# Puducah Quilt show



## AngieM2 (May 10, 2002)

CC talked me into running away Friday and Saturday to see the Quilt Show.

We got up there Friday afternoon and walked in and it was AMAZING. I think the most unexpected to me - they are using rhinestones on the art quilts. And even on some of the designs we might recognize. I love some sparkle.

We stayed there a few hours and saw about 1/2 the displayed quilts on the bottom floor and some vendors. Then we needed to leave since we were both very tired.


----------



## AngieM2 (May 10, 2002)

the white storybook Unicorn sparkled so nicely. It was just beautiful. Incredible to think of it being fabric and sewing.

The horses off the carosel were amazing also. Just getting the horses shape correct is amazing to me

The bright vendor quilt near the bottom is one I liked enough to buy the book and the special rulers to do that curved work with.


----------



## AngieM2 (May 10, 2002)

the next morning (Saturday) we did the Hancock Fabrics first - and I left with some goodies, and so did CC.

But we went into the big tent of vendors this time when we got to the show. Lordy. what a wonderfully tempting place! And yes, I did give in to temptation a bit.
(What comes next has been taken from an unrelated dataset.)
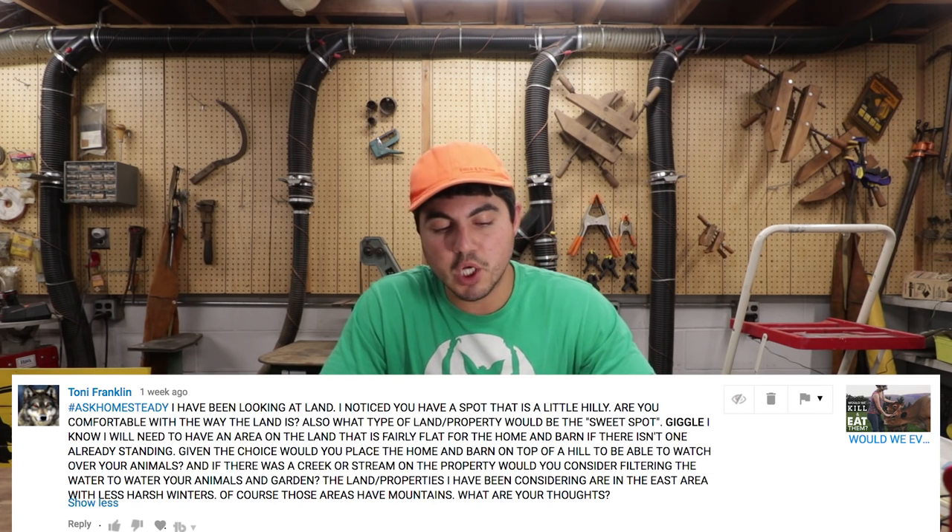Great question from Tony. He's been looking at land, noticed our property is a little hilly, and asks: are you comfortable with the way the land is? What type of land or property would be the sweet spot? He knows he'll need a fairly flat area for the home and barn, and asks whether he'd place the home on top of a hill to watch over animals. Also, if there's a creek or stream, would he consider filtering that water for animals and garden? The land he's considering is in the east with less harsh winters but mountains. A homestead is different from a farm — we'll talk about that in a future question — and you don't need huge crop acreage or tons of livestock grazing.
Patterns for a quilt, mostly for the math already being done. It will be a rainbow throw on a display.

And two patterns for sweatshirts being turned into the most marvoulous jackets. I have photos of them.

And a sewing machine I wanted to bring home, and could afford in a few days - but not yet. They mentioned post dated check, but I don't like that for small amounts, much less larger ones. So I passed and got the contact information.

CC - got some goodies also.


----------



## AngieM2 (May 10, 2002)

the bottom 4 photos are just some of the photos.


----------



## AngieM2 (May 10, 2002)

Now, back into the main exhibit hall, to see the other side and more vendors.


----------



## AngieM2 (May 10, 2002)

this next quilt, there will be several photos.
When I saw it, all I could say is "Oh my" "Oh my", the young man said it was "Oh my gosh". I had to tell him I was not that far along.

This quilt took 3 years to do, it's almost all done by long arm quilting, has rhinestones all over it. It's one piece, and the young man said it was bought for $12,000. 

It's "The Hobbit" and the story line is from lower left to right then next row left to right to the top right which is the end.


----------



## AngieM2 (May 10, 2002)

A few more.....


----------



## AngieM2 (May 10, 2002)

I also saw a new way of doing paper piecing, it seems easier and more user friendly. I got that book and two designs to do. 


Check out Picture Piecing 
And this lady was there and she autographed my book:
[YOUTUBE]P96zWunN_ek[/YOUTUBE]


----------



## AngieM2 (May 10, 2002)

And here's a group done quilt that reminded me of Homesteading Today.
the house was done by 9 people if I remember correctly.


----------



## Terri in WV (May 10, 2002)

There's some gorgeous quilts there! That black and white one would drive me bonkers!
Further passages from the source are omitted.